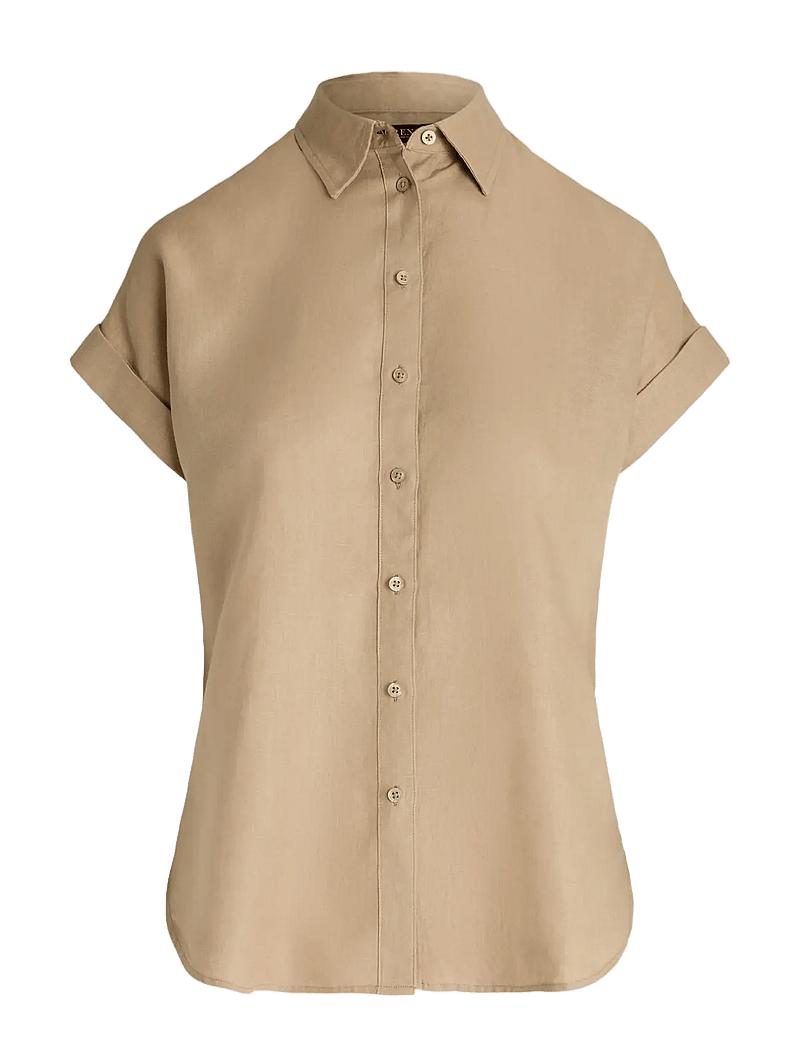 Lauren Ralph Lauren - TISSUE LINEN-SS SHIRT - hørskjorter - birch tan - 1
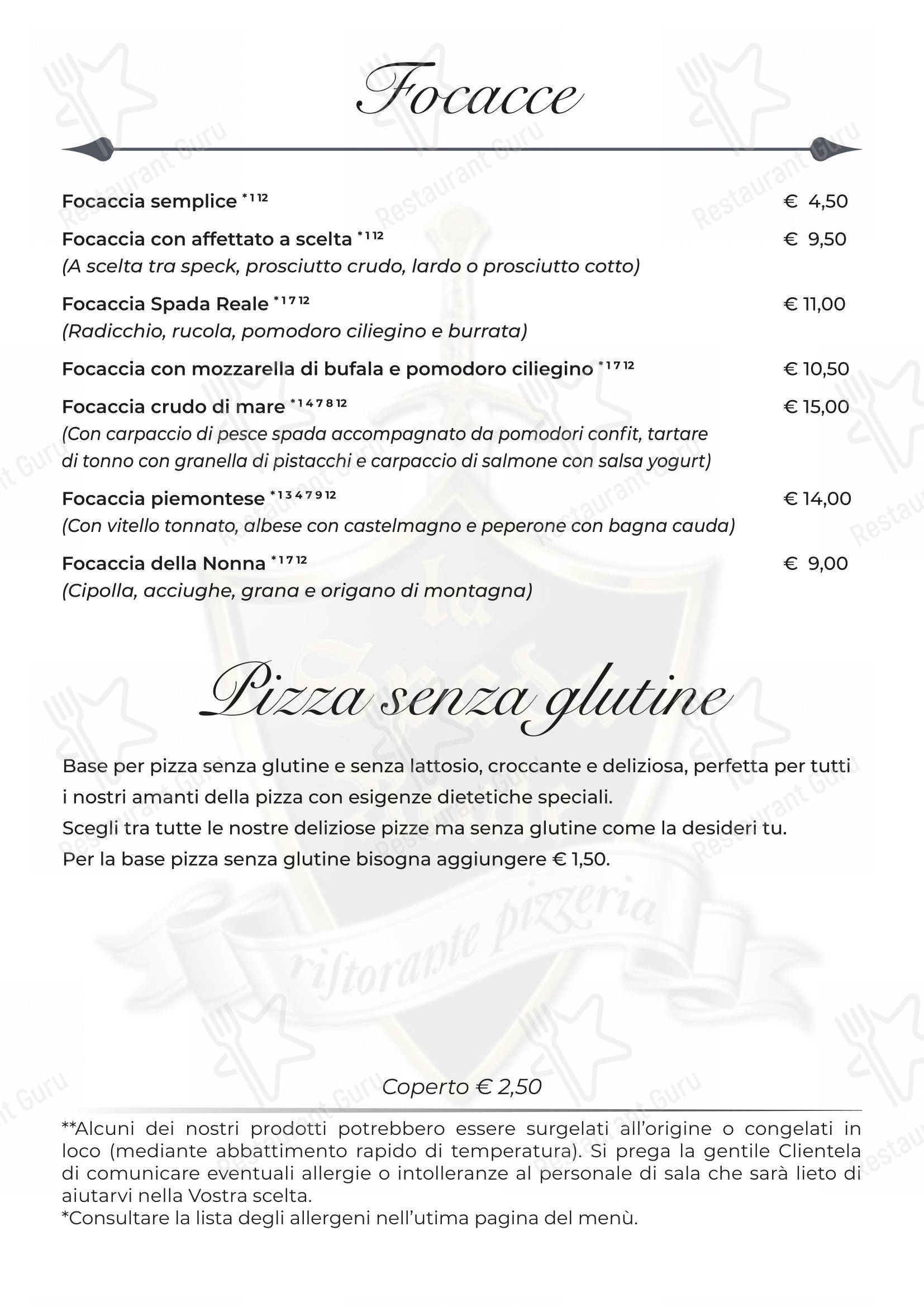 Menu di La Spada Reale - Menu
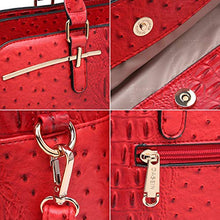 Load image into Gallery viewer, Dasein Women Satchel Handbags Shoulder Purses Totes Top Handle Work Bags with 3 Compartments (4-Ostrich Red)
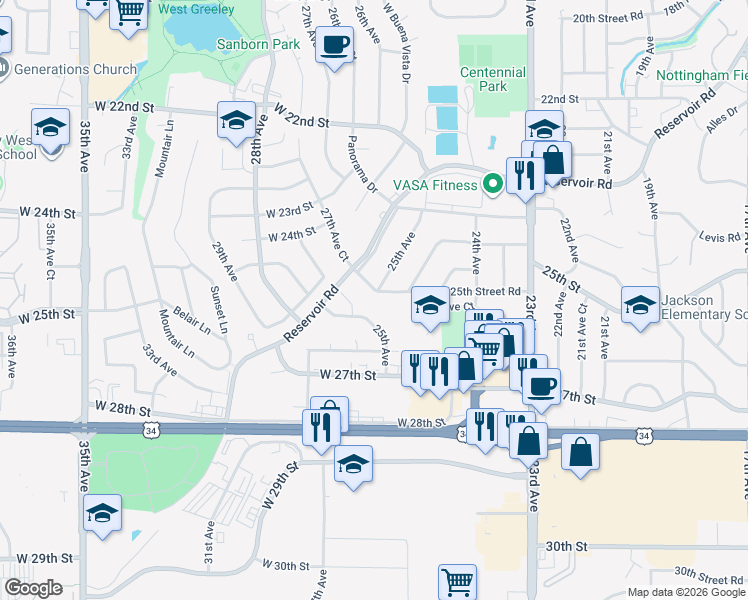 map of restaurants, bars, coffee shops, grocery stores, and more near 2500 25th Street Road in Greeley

==

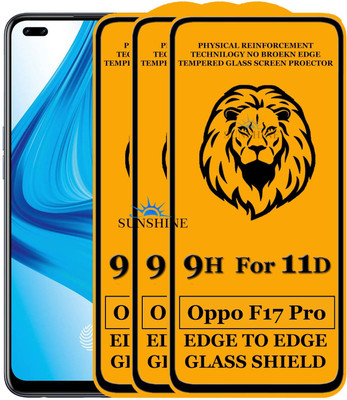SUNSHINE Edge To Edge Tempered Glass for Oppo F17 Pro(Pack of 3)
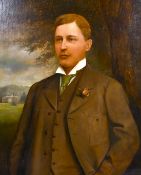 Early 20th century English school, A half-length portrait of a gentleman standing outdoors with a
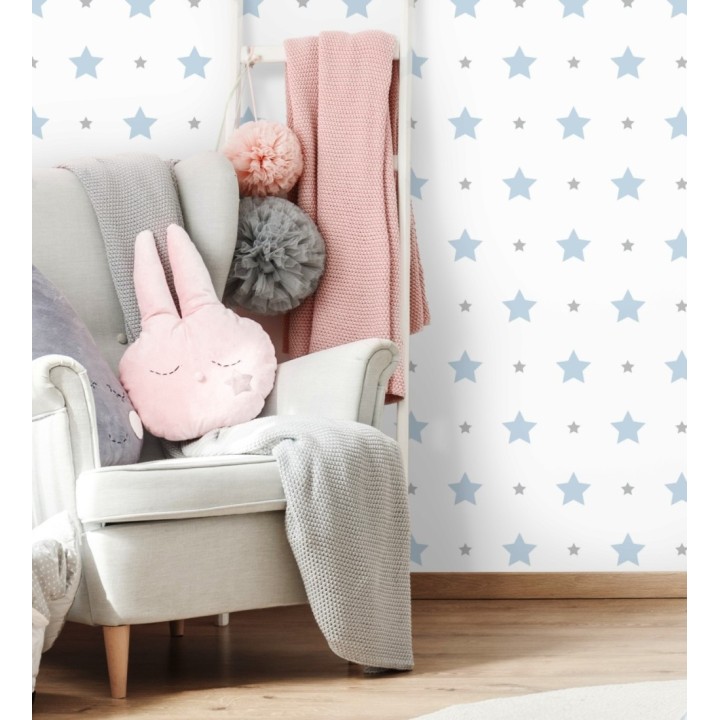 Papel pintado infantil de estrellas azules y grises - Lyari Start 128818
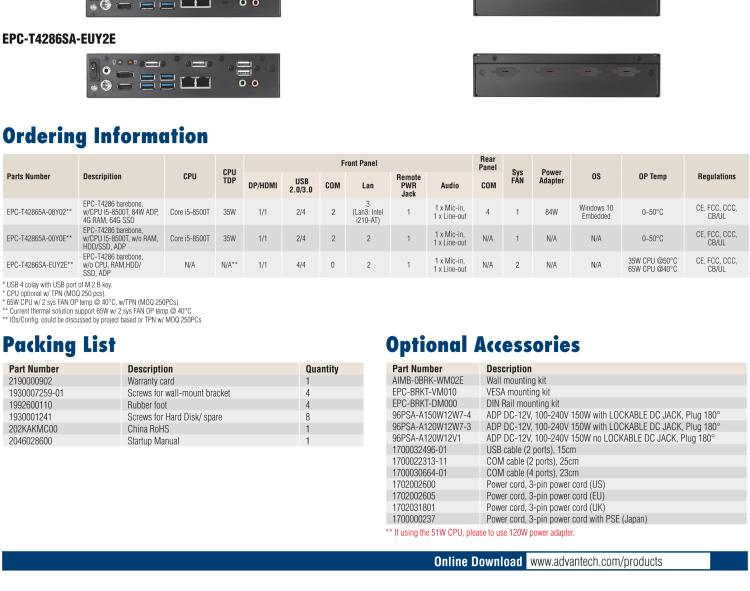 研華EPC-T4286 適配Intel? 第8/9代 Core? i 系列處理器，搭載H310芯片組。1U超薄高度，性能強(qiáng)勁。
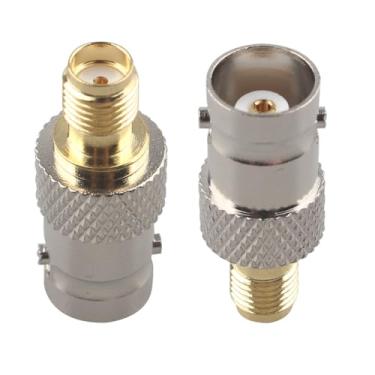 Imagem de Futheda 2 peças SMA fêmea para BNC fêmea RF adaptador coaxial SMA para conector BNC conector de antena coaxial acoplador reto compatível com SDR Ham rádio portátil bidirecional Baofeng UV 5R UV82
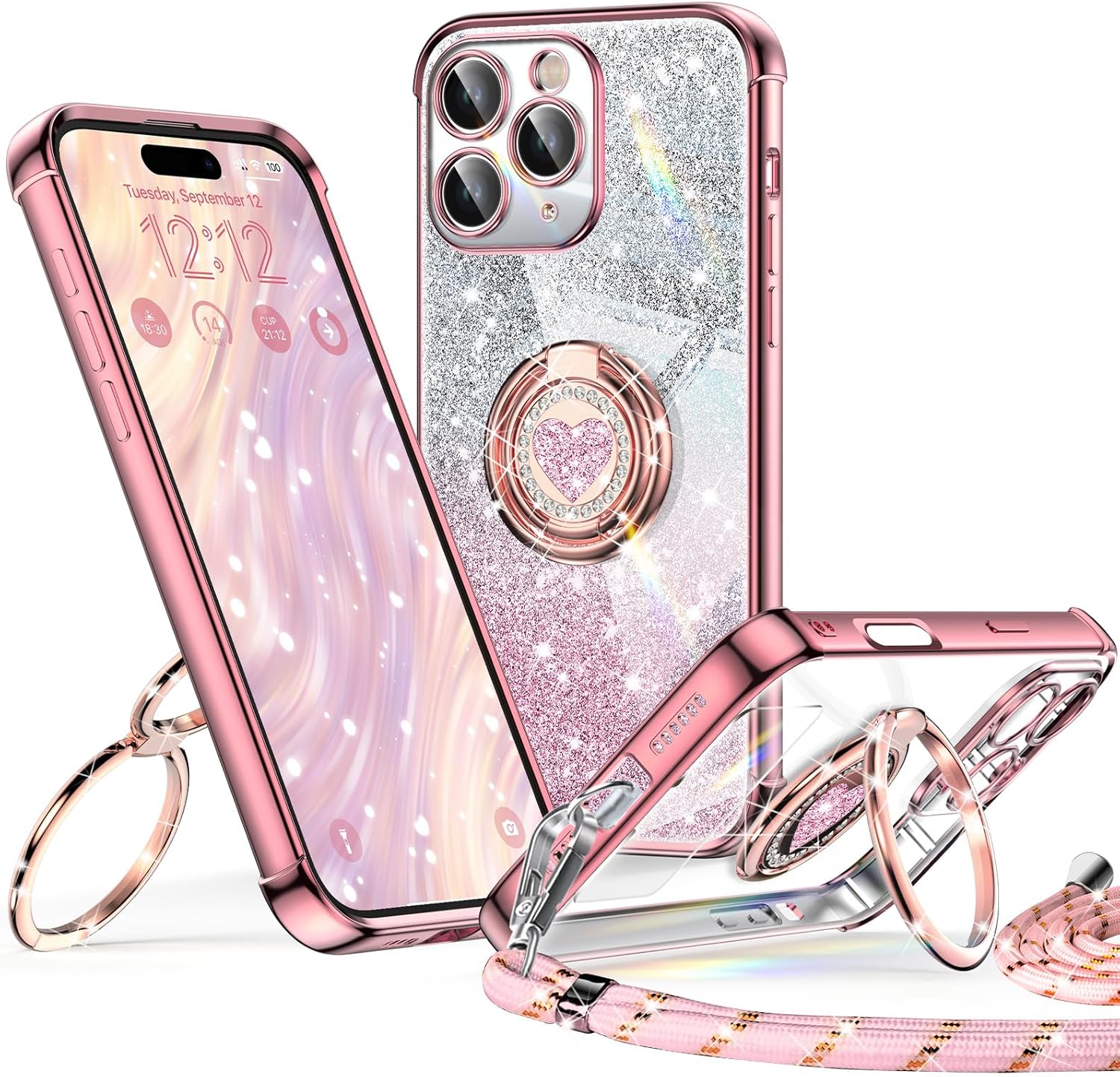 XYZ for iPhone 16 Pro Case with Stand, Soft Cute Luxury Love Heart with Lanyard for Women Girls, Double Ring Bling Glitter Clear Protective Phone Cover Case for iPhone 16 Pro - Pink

--

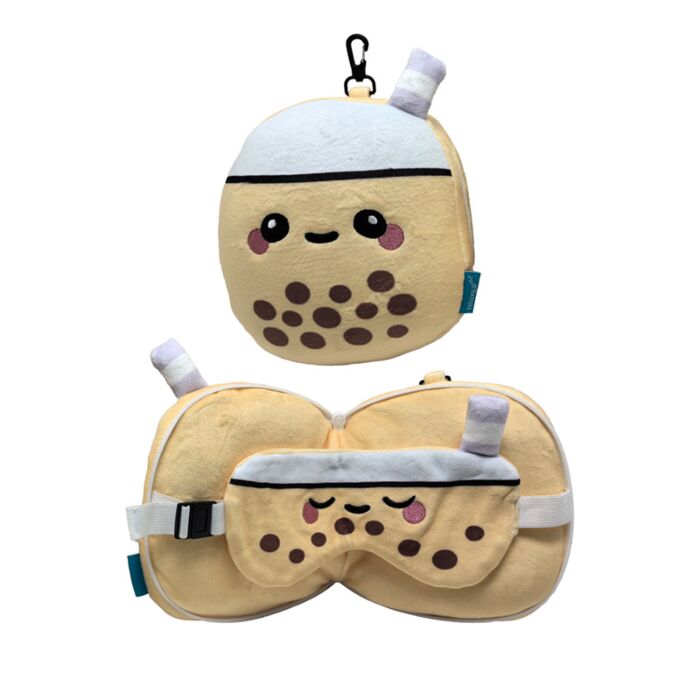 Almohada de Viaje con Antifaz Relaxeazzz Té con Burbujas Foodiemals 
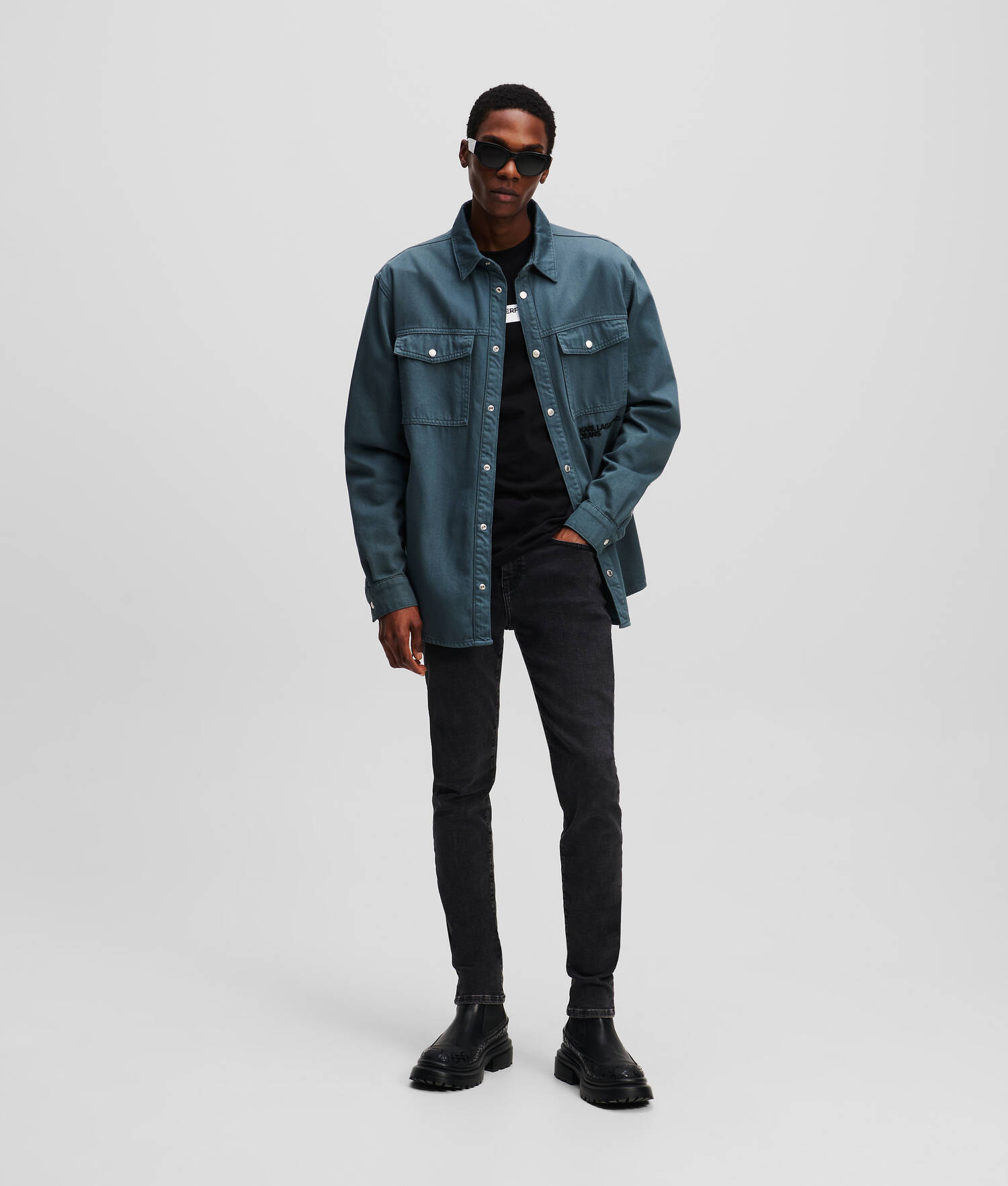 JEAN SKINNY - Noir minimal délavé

◆ What this task involves
Once the line with "Papel pintado infantil" is found above, print it and every line after it through the line with "XYZ for iPhone", exactly. Pictures stay out.

◆ Response
 Papel pintado infantil de estrellas azules y grises - Lyari Start 128818
 研華EPC-T4286 適配Intel? 第8/9代 Core? i 系列處理器，搭載H310芯片組。1U超薄高度，性能強(qiáng)勁。
 Imagem de Futheda 2 peças SMA fêmea para BNC fêmea RF adaptador coaxial SMA para conector BNC conector de antena coaxial acoplador reto compatível com SDR Ham rádio portátil bidirecional Baofeng UV 5R UV82
 XYZ for iPhone 16 Pro Case with Stand, Soft Cute Luxury Love Heart with Lanyard for Women Girls, Double Ring Bling Glitter Clear Protective Phone Cover Case for iPhone 16 Pro - Pink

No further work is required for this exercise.